MS isn’t cured, it’s managed.

I don’t sleep well, partly because I woke up broken two years ago with no warning. (Or at least, no warning that I recognized as something going wrong.) I’m afraid every night that I might wake up unable to see or walk anymore. It doesn’t make it easy to fall asleep. It’s a delightful catch-22. Not sleeping well is really bad for MS and MS is really bad for sleeping well.

After that fateful day, I watched every domino fall over the last two years. Everything that I valued about myself and the life that I’d built through hard work, sacrifice, and stubbornness…all gone. Health, physical aptitude, dancing, fitness, hiking…my business, my income, my ability to ever work on ambulance again, everything gone in the blink of an eye.

The last two years, some people were horrible to me. A few perfect strangers behaved in ways that I describe as abusive, for no other reason than I’m visibly disabled.

(And save me the platitudes of ignore people like that, it says more about them than you, don’t take it personally, etc. When a stranger, in front of a group of people, screams at you that you’re a ‘stupid fucking bitch’ because you can’t cross the street fast enough to please them, you don’t smile and say hurt people hurt people, be blessed. It’ll feel really personal, so cut the crap, Ghandi.)

I’m sometimes treated like I’m somehow cognitively impaired because I use a cane. A nurse practitioner even tried to take my driver’s license recently. I have no impairments or deficits that affect my ability to drive. I have a class 4 license, advanced driver training, and a completely clean abstract. So why should I not be allowed to drive to the grocery store, you ask? Because I have a stiff left leg so one day, my so far unaffected right leg might spontaneously shoot out and jam onto the gas peddle. (I’m completely serious. That was her major concern.)

For two years, I’ve lived my worst nightmare. I lost my independence, control over my own existence, my confidence, my career, and my financial stability.

I’m often treated like an errant child who needs ‘help’ making good decisions because I’m apparently incapable. I enjoy when people condescend to me. The times perfect strangers accosted me is few, but scarring. I learned a lot the last couple years. I learned the world isn’t as inclusive as we like to think. Any type of disability, no matter how minor, makes life twice as hard as it is for the able-bodied. I learned many people think folks with disabilities or health conditions should not exist, period.
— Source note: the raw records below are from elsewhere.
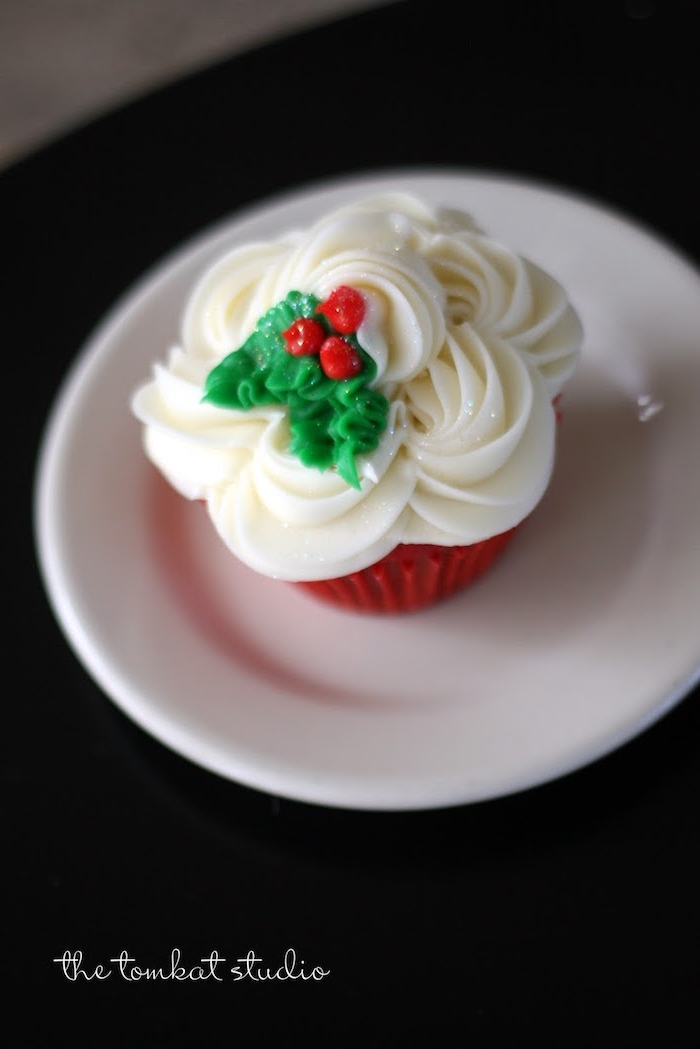 red cupcake in red wrapper, with white frosting, decorated with fondant holly, white plate on black background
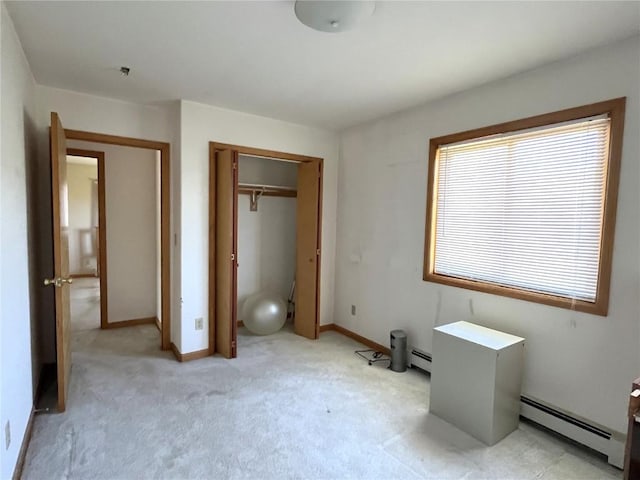 21725 4th Ave, Phippsburg, CO 80469 - unfurnished bedroom with a baseboard heating unit, a closet, and light colored carpet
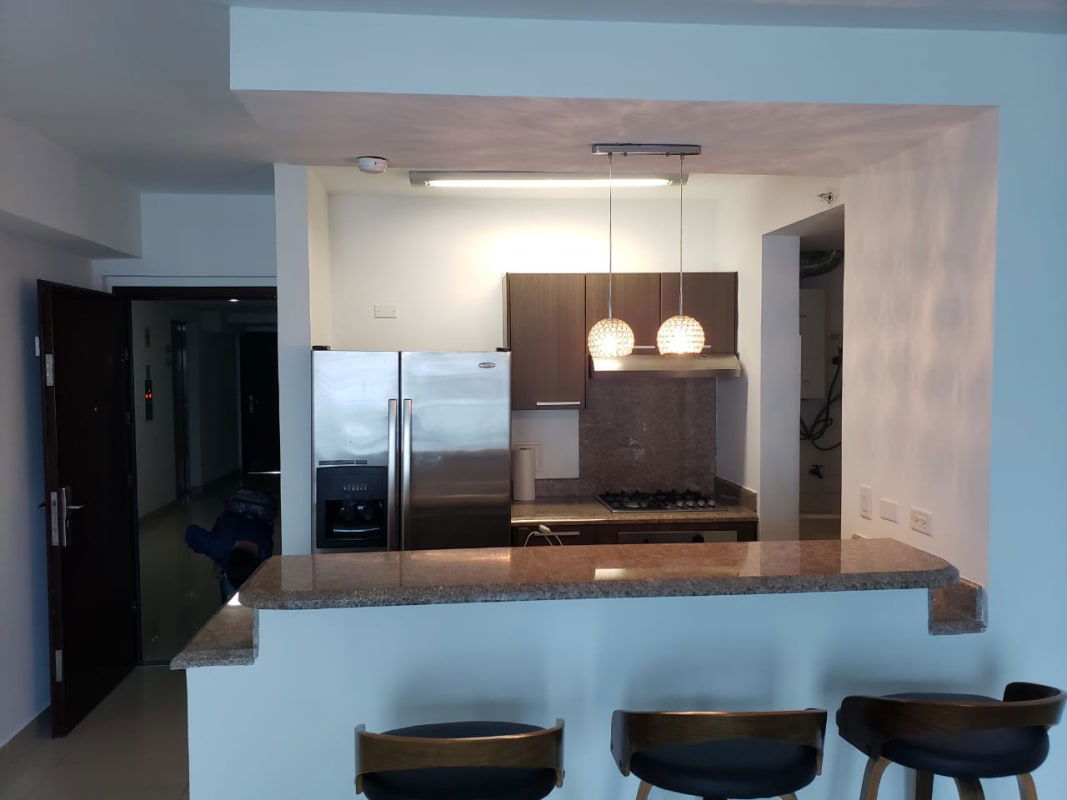 Modern kitchen with granite countertop stainless appliances PH Top Towers Costa del Este Panama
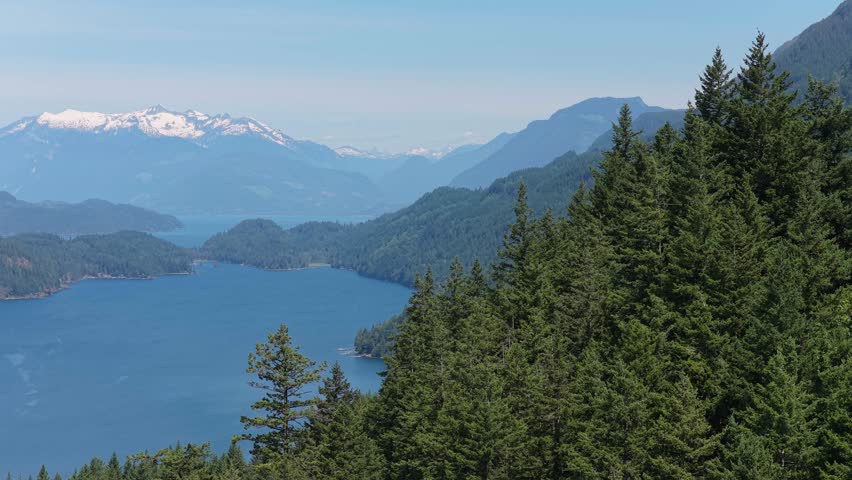 Scenic View Of A Serene Lake Surrounded By Lush Forests And Majestic Snow-Capped Mountains In British Columbia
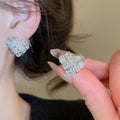 Gold Plated Copper Heart Zircon Stud Earrings With Silver Needle Posts, Minimalist Light Luxury Style view 3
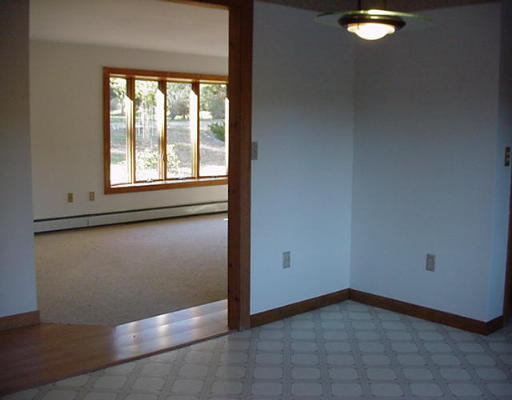 32 Sandy Cove Road Lunenburg, MA 01462 - Photo 4 of 5 a view of an empty room with a window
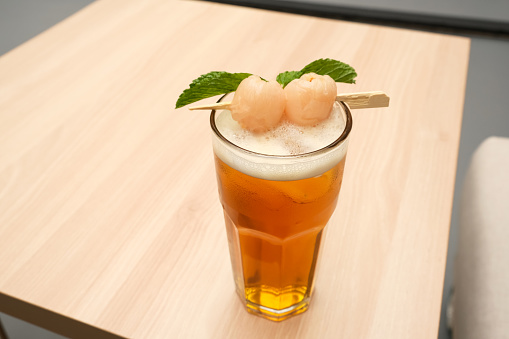 Lychee iced tea with mint leaves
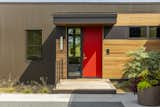 The home’s exterior materiality is a tapestry of corrugated metal, cedar, and brick.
If we do, we should keep ourselves at home so others don’t have to deal with us. Lots of people think we have some nerve to think the world should accommodate us in anyway.
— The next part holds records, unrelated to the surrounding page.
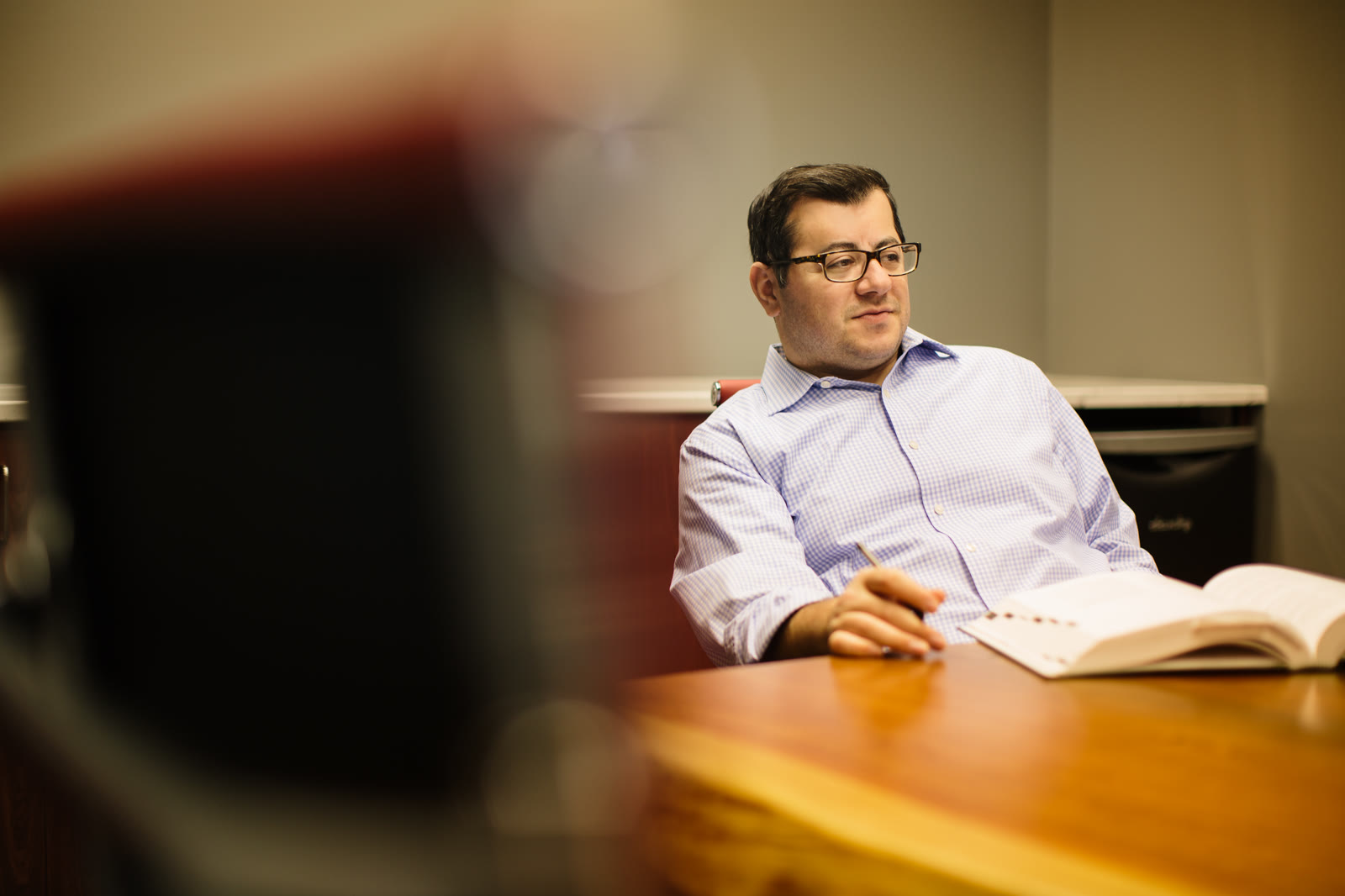 Frank Younes working at his desk with a case book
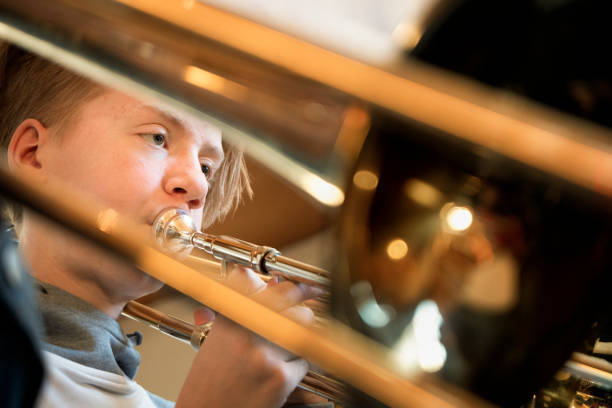Young boy playing the trombone in a band.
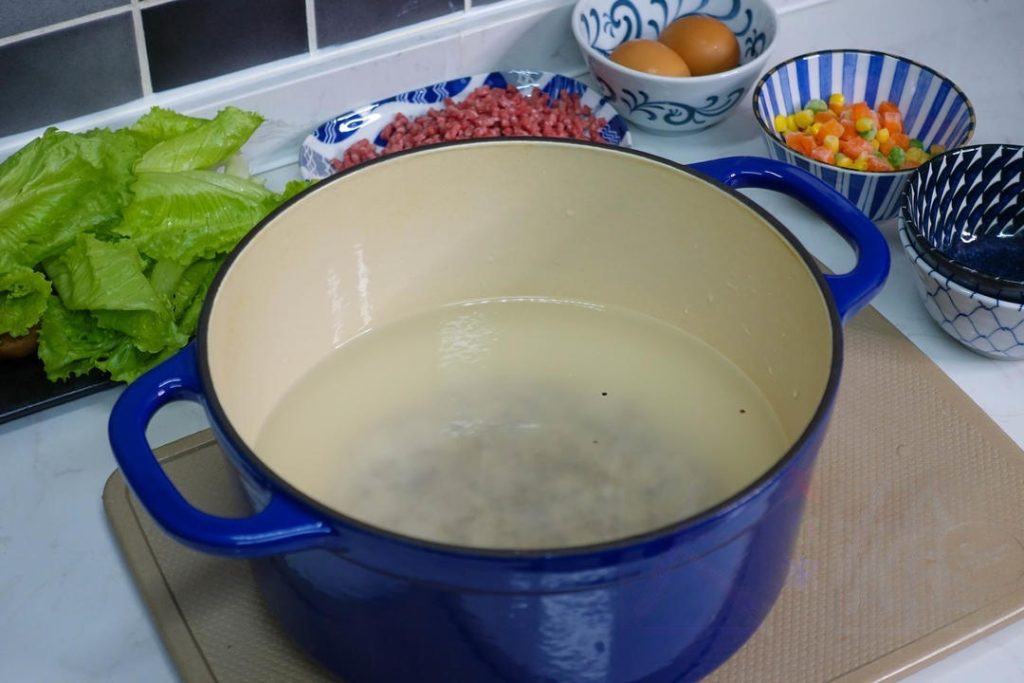 Place them in a pot and add about 10 times the volume of water. (e.g., if you have 1/2 cup of grains, use 5 cups of water)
I’ve been really vulnerable the last couple years. Not only because of necessity, but I also figured I’d try it out: being honest about my feelings, crying when I needed to cry, asking for help, being open about my challenges, feeling my feelings.

Part of the vulnerability was that I was afraid, and meek. It doesn’t help that sometimes instead of my fight-or-flight system taking over, I get a freeze response. Over the last 24 months, when people got in my face in an aggressive manner, I either froze or I folded because I no longer felt confident standing up for myself.

My baseline isn’t meek, and I don’t want to spend one more minute putting up with shit and abuse from anyone in this lifetime.

Try Jesus, don’t try me.

Two years of disability, Covid restrictions, and spending so much time alone while my husband worked to support the two of us left me with tons of time to ruminate, reflect on, and relive. My brain breaking in 2019 destroyed decades of therapy. I’ve been in mental health crisis for two years (and haha to those of you snorting and thinking, only two years?). Every trauma I ever worked through was back in intrusive, psyche-breaking ways.

Starting over is fun. It’s all I do.

My life has not been easy but these last two years have been the absolute worst. The few who’ve known me a very long time and know me really well, know what a big statement that is.

I haven’t been in charge of my life the last two years, MS has.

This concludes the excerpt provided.